==== Exercise data ====
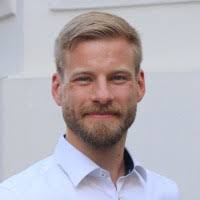 500+ "Or Polt" profiles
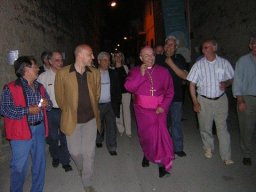 Gruppo Musicale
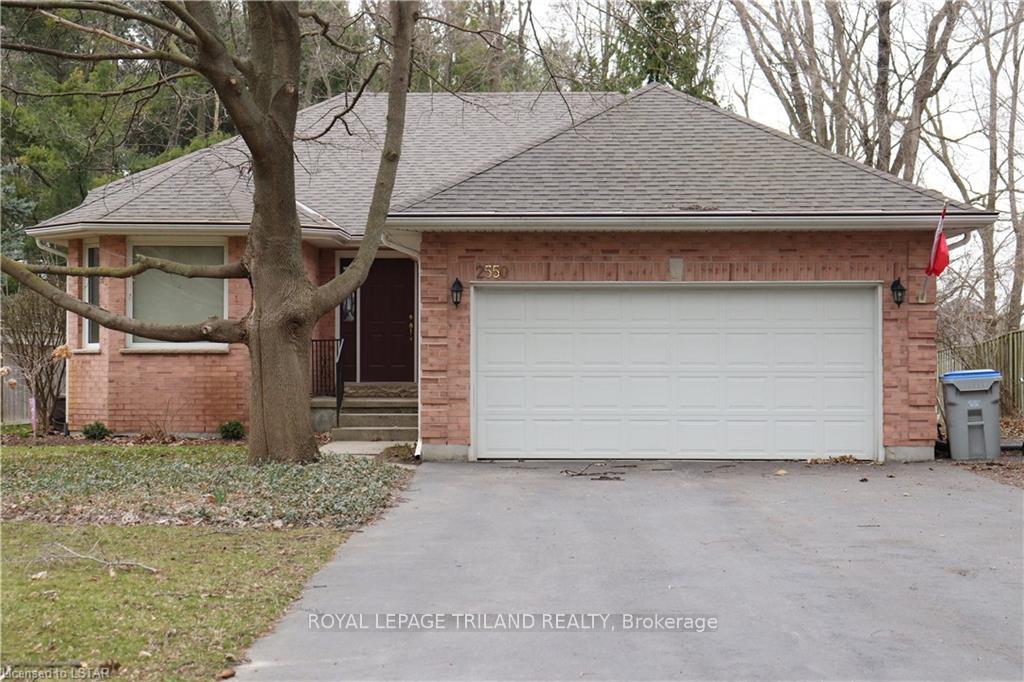 2550-emerson-street-strathroy-caradoc-ontario-x13775102
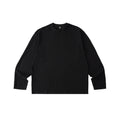 LR MADE 190G Breathable Relaxed Long-Sleeve Tee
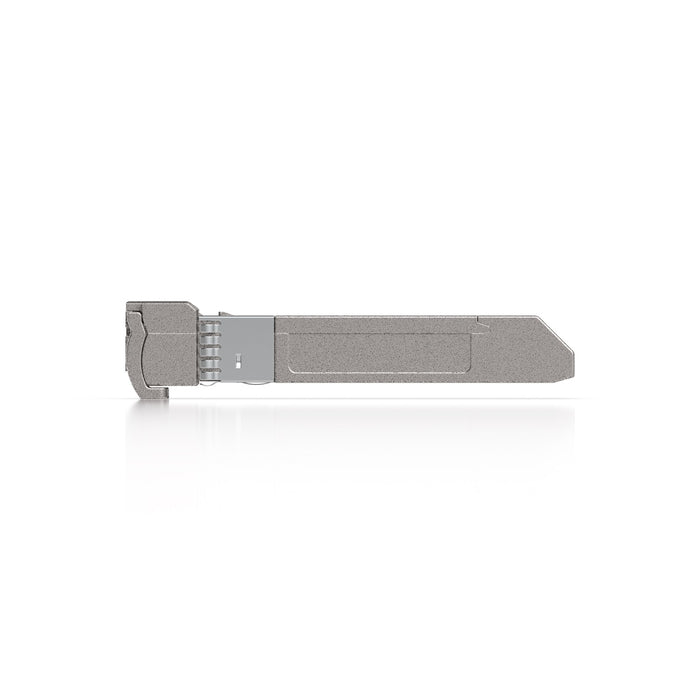 Ubiquiti 10G CWDM Single-Mode Optical Module [UACC-OM-SFP10-1270]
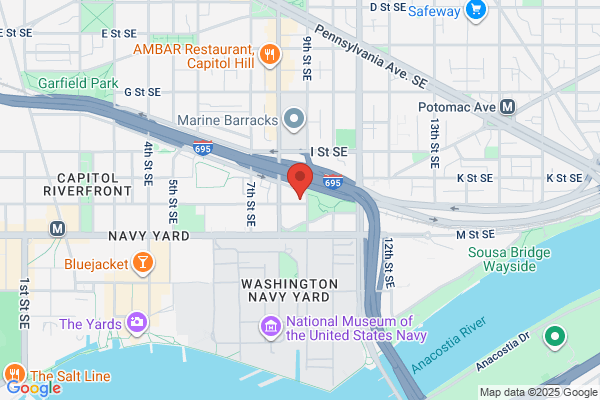 Dog-MA Daycare For Dogs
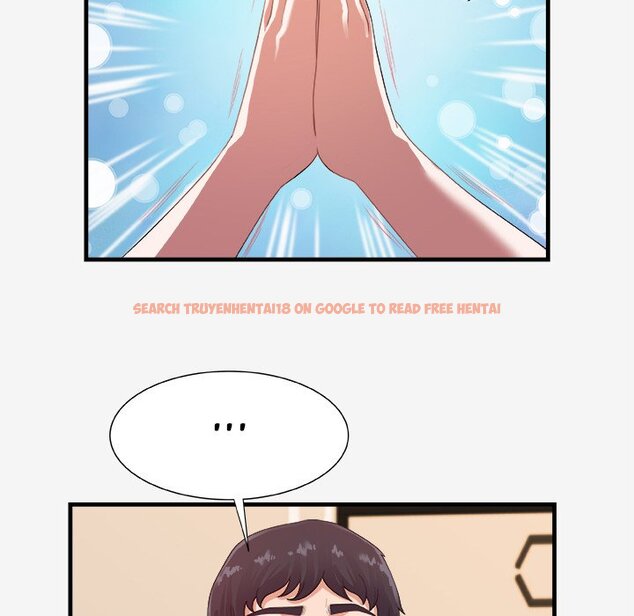 Read Hentai Image 13 530 in comic Alumni - Chapter 21 - www.hentaitnt.net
====
— Assignment —
Please retype every entry above exactly, leaving out any picture.

— Solution —
 500+ "Or Polt" profiles
 Gruppo Musicale
 2550-emerson-street-strathroy-caradoc-ontario-x13775102
 LR MADE 190G Breathable Relaxed Long-Sleeve Tee
 Ubiquiti 10G CWDM Single-Mode Optical Module [UACC-OM-SFP10-1270]
 Dog-MA Daycare For Dogs
 Read Hentai Image 13 530 in comic Alumni - Chapter 21 - www.hentaitnt.net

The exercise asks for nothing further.